Exercise requirements —
Skip every image and restate the data word for word.

Information shown —
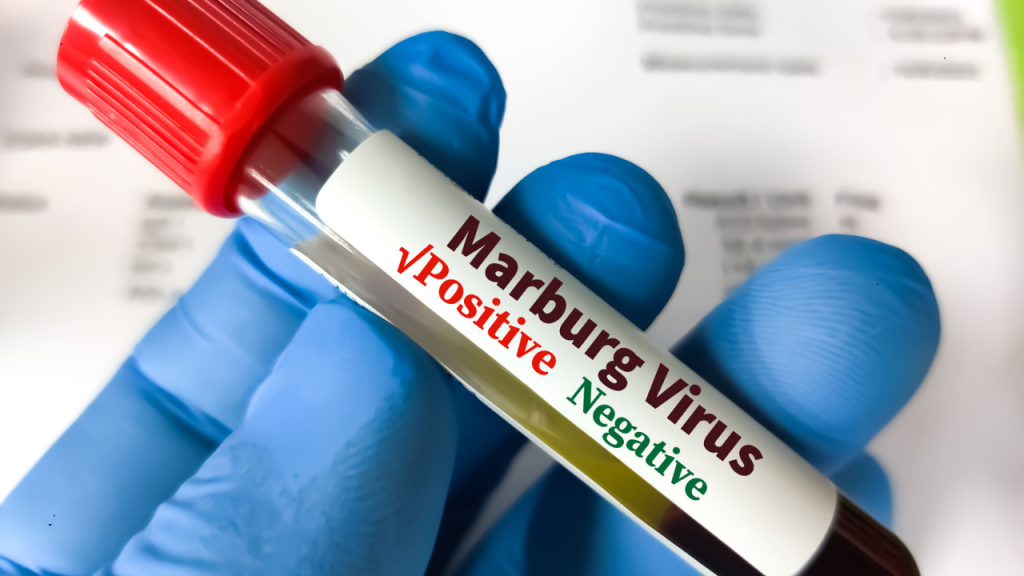 Uganda Reports Child Death From Marburg Virus Disease: How to Prevent Infection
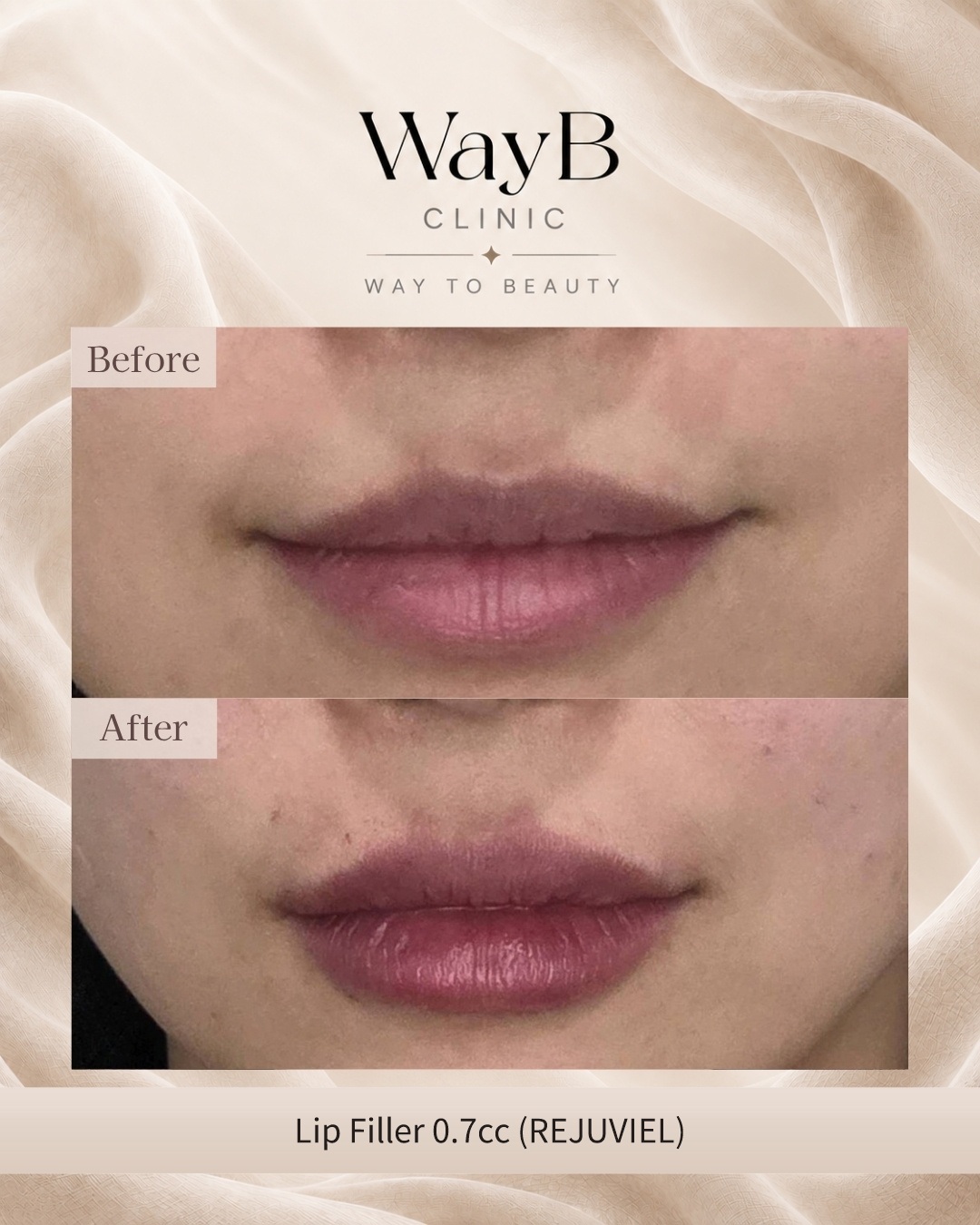 Lip Filler Case 9 Before & After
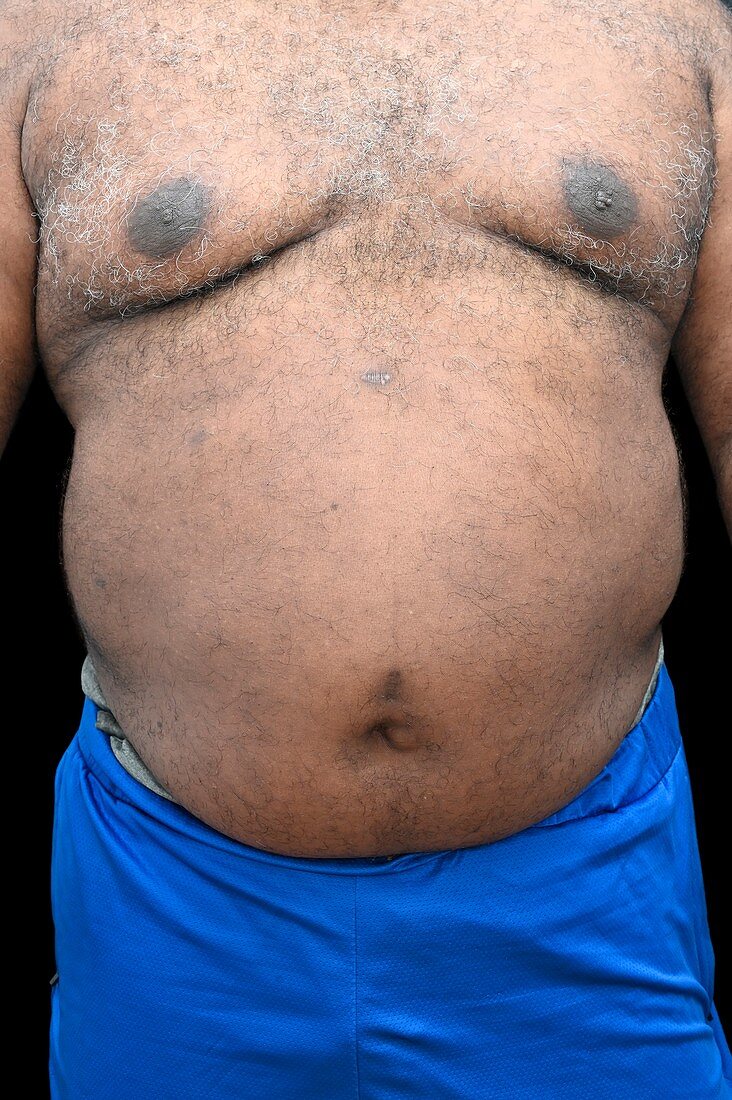 Overweight man's abdomen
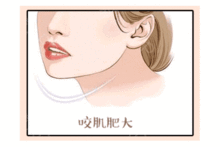 微整形術(shù)后注意事項(xiàng)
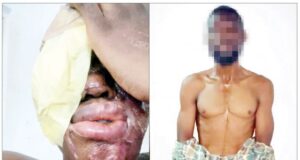 I was paid N500,000 to burn spa worker with acid — Suspect
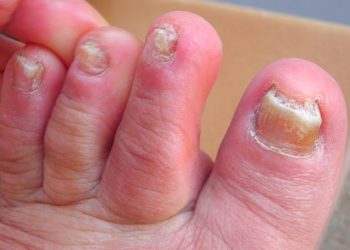 Có thể điều trị bệnh nấm móng dứt điểm hay không?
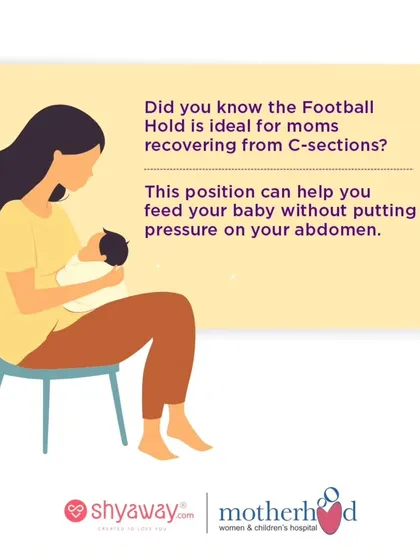 For mothers recovering from a C-section, the Football Hold can be an ideal breastfeeding position. It allows you to feed your baby comfortably without putting pressure on your abdominal incision, making the experience less stressful.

Response below —
 Uganda Reports Child Death From Marburg Virus Disease: How to Prevent Infection
 Lip Filler Case 9 Before & After
 Overweight man's abdomen
 微整形術(shù)后注意事項(xiàng)
 I was paid N500,000 to burn spa worker with acid — Suspect
 Có thể điều trị bệnh nấm móng dứt điểm hay không?
 For mothers recovering from a C-section, the Football Hold can be an ideal breastfeeding position. It allows you to feed your baby comfortably without putting pressure on your abdominal incision, making the experience less stressful.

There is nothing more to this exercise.